The Yazidi cause has won a high-profile supporter — Lebanese-British lawyer and rights activist Amal Clooney, who was at the Nobel ceremony and also penned the foreword to Murad's book, "The Last Girl," published in 2017.

That same year, the U.N. announced it would begin gathering evidence on IS war crimes, crimes against humanity or genocide that would be used to try IS militants in Iraqi courts. The first Iraq field missions are set for 2019.

"So far, the perpetrators of the crimes which led to this genocide have not been brought to justice," Murad said in her Nobel speech. "I do not seek more sympathy; I want to translate those feelings into actions on the ground."

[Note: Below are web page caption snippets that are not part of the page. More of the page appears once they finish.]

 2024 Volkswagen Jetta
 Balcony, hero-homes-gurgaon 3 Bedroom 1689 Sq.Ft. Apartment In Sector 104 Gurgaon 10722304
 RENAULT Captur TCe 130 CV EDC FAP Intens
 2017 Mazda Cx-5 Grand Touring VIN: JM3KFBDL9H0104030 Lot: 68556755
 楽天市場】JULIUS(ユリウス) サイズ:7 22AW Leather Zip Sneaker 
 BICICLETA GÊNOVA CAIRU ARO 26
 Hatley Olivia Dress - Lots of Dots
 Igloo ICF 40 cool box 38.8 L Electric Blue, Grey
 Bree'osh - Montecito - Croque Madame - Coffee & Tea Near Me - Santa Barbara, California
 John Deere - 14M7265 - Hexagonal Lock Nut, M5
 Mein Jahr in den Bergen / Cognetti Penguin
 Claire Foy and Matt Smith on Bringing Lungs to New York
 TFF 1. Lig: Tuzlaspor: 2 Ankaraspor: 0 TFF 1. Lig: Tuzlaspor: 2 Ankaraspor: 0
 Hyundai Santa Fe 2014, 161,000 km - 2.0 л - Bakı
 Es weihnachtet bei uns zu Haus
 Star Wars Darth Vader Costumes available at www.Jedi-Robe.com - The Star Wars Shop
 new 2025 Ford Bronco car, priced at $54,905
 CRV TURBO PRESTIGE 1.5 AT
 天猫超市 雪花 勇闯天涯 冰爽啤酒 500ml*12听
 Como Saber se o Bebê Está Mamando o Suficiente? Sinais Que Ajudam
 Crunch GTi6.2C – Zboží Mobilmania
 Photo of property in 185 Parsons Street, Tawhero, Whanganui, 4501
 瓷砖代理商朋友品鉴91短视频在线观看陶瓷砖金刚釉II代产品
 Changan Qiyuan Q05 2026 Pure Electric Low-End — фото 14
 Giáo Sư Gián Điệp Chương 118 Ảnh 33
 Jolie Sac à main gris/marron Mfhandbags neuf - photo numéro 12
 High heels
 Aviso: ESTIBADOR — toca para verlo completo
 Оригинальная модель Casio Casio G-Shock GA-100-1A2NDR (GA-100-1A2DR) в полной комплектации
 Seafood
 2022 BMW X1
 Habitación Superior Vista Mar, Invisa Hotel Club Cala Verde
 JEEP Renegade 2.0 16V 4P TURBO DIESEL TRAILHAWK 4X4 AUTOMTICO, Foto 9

FILE - Bahzad Farhan Murad points to a list of missing and killed Yazidis to The Associated Press in the small office where he collects evidence on Islamic State crimes against Yazidis, in Dohuk, Iraq, May 22, 2016.
FILE - Bahzad Farhan Murad points to a list of missing and killed Yazidis to The Associated Press in the small office where he collects evidence on Islamic State crimes against Yazidis, in Dohuk, Iraq, May 22, 2016.

Happier times

Murad was in the United States when she heard about her prize, and said she was "scared" initially.

"The first thing that came to my mind was my mother, I cried a lot," she said on Sunday.

"It was very difficult. I have received the Nobel Peace Prize from the hardship, the difficulties that all these people have been faced with and from all the hard work that we have been doing."

In contrast to all the tragedies that have befallen her, recent pictures on Murad's Twitter feed show happier times.

In August, she announced her engagement to fellow Yazidi activist Abid Shamdeen.

"The struggle of our people brought us together and we will continue this path together," she wrote.

Underneath, a photo showed her next to a young man in a bow tie, her face still framed by her long brown hair, but this time, bearing a broad smile. Her fiance was in Oslo to see her accept the Nobel Peace Prize.